Tout prêt qu’un État accorde à un autre État est assorti de conditions exprimées publiquement… et d’arrière-pensées politiques ou économiques. Alors que Daech connaît de sérieux revers en Irak, la France commence à vouloir participer à la reconstruction du pays: d’ici la fin de l’année, 430 millions devraient atterrir dans les caisses de l’État irakien, dont le budget est «fortement grevé par la lutte contre les djihadistes et la chute des cours du pétrole», d’après le ministère français des Affaires étrangères.
«Cela peut être une première raison, dynamiser les échanges, le commerce entre deux États et se positionner de façon privilégiée, parce que justement on est un pays qui a aidé: c’est une première hypothèse, parce qu’on sait qu’il y aura un très gros marché de la reconstruction en Irak, si, bien sûr, on arrive à sécuriser la plus grande partie du territoire», analyse de Pierre Berthelot, Enseignant-Chercheur au Centre d’étude et de recherche sur le monde arabe et musulman et directeur de la revue «Orients Stratégiques».Un marché du BTP florissant, pourquoi pas, mais ce n’est pas tout. Il a été plusieurs fois reproché à la France la perte d’influence dans la région, particulièrement sur le dossier syrien. À la dimension économique s’ajoute celle de pouvoir montrer que la France est de retour dans la région.
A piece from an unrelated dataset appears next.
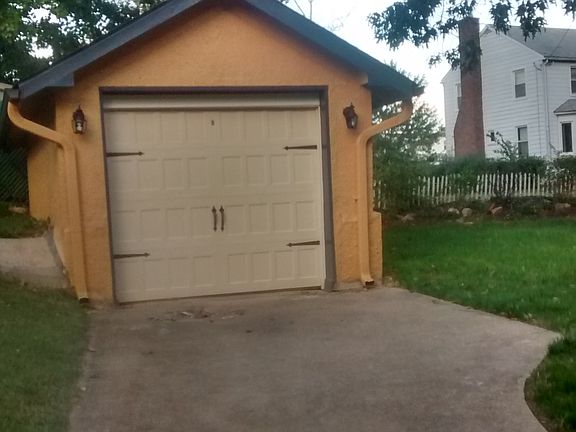 New garage dr comes w remote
«La France veut montrer qu’elle est un acteur important de tout ce qui se passe dans la région. Finalement, la critique qui a été faite à la France depuis plusieurs années, c’est d’être marginalisée au Proche-Orient, d’être dans le suivisme par rapport aux Américains, voire aux Russes. À un moment, on ne parlait plus aux Russes, mais Macron semble comprendre que la carte russe n’est plus négligeable».Mais plus de dix ans après l’invasion américaine et la chute de Saddam Hussein, l’Irak figure parmi les dix pays les plus corrompus au monde, notamment d’après l’ONG Transparency International. Comment être sûr que l’argent ne soit pas détourné?
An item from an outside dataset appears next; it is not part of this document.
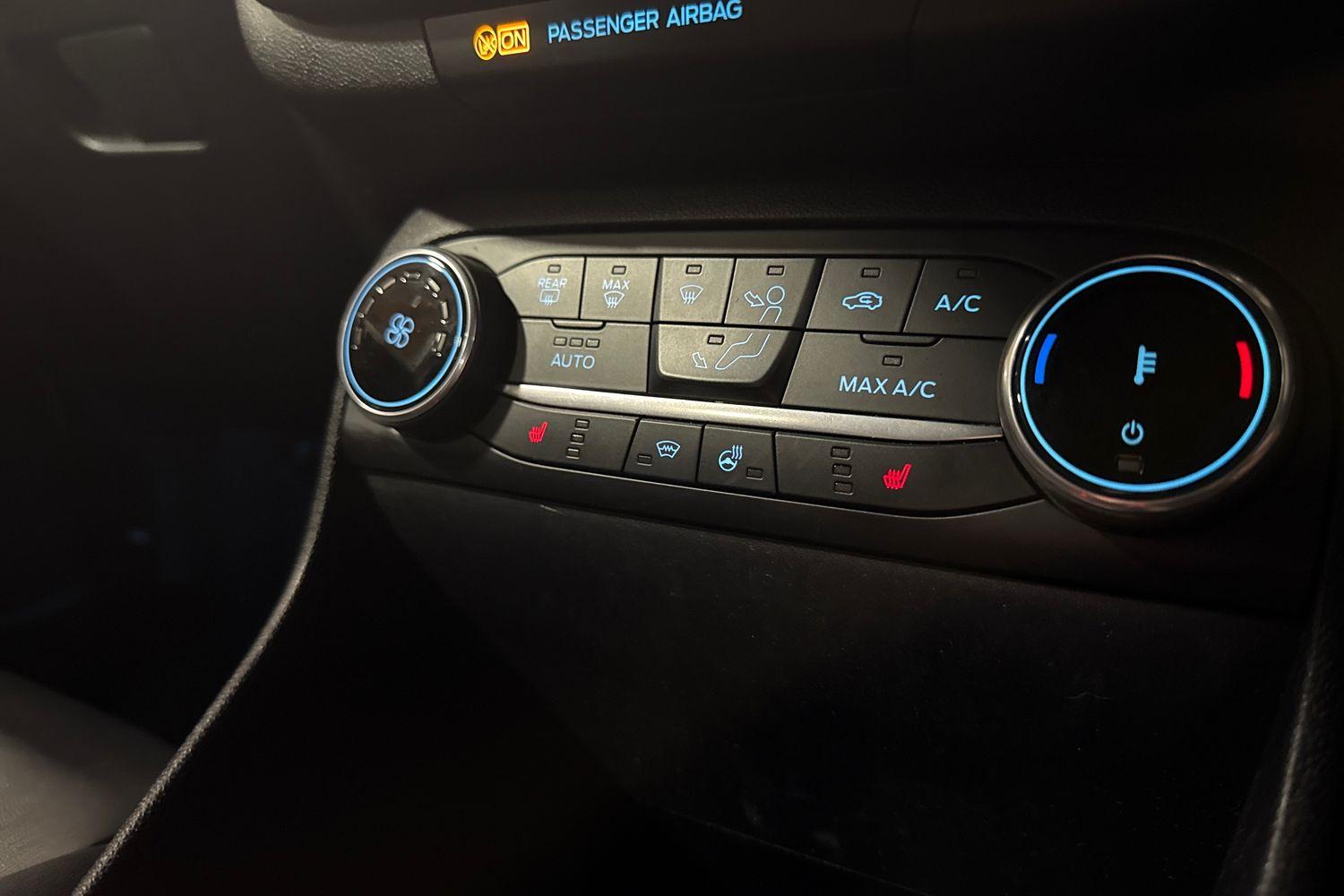 Ford FIESTA Photo 31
«Dès qu’un pays produit beaucoup de matières premières, et en particulier du pétrole, on sait que la corruption est plus élevée. Effectivement, il y a un risque, en prêtant cet argent, qu’on ne puisse pas par la suite contrôler ce qu’il va devenir. C’est une vraie problématique».
La France souhaite également appuyer le processus de réintégration politique de la minorité sunnite, toute puissante sous Saddam Husseim, et qui maintenant a le sentiment d’être marginalisée. Cela évitera aussi que Daesh ne retrouve un terreau de recrutement.
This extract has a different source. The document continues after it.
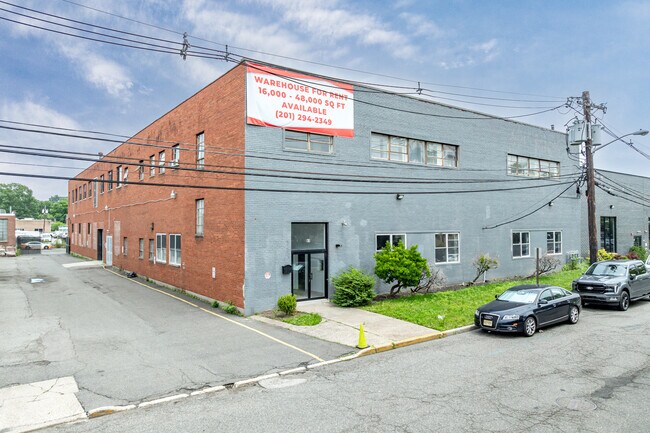 Plus de détails pour 41 Bancker St, Englewood, NJ - Industriel à louer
«Il y a toujours derrière un contrat des enjeux géopolitiques sous-jacents. Donc, la France peut, non pas se faire porte-parole des arabo-sunnites, mais en tout cas essayer de faire comprendre aux Irakiens chiites, que c’est leur intérêt d’intégrer cette minorité.»«Comment redevenir un acteur d’importance? Ça passe par un rôle politique et économique, et éventuellement militaire, car la France a des conseillers et des interventions dans la région. Ce rôle qu’on veut plus important passe aussi par une implication, un soutien économique, financier à l’Irak. C’est une des palettes qu’on peut utiliser pour jouer ce rôle plus influent, plus important dans la région», conclut Pierre Berthelot.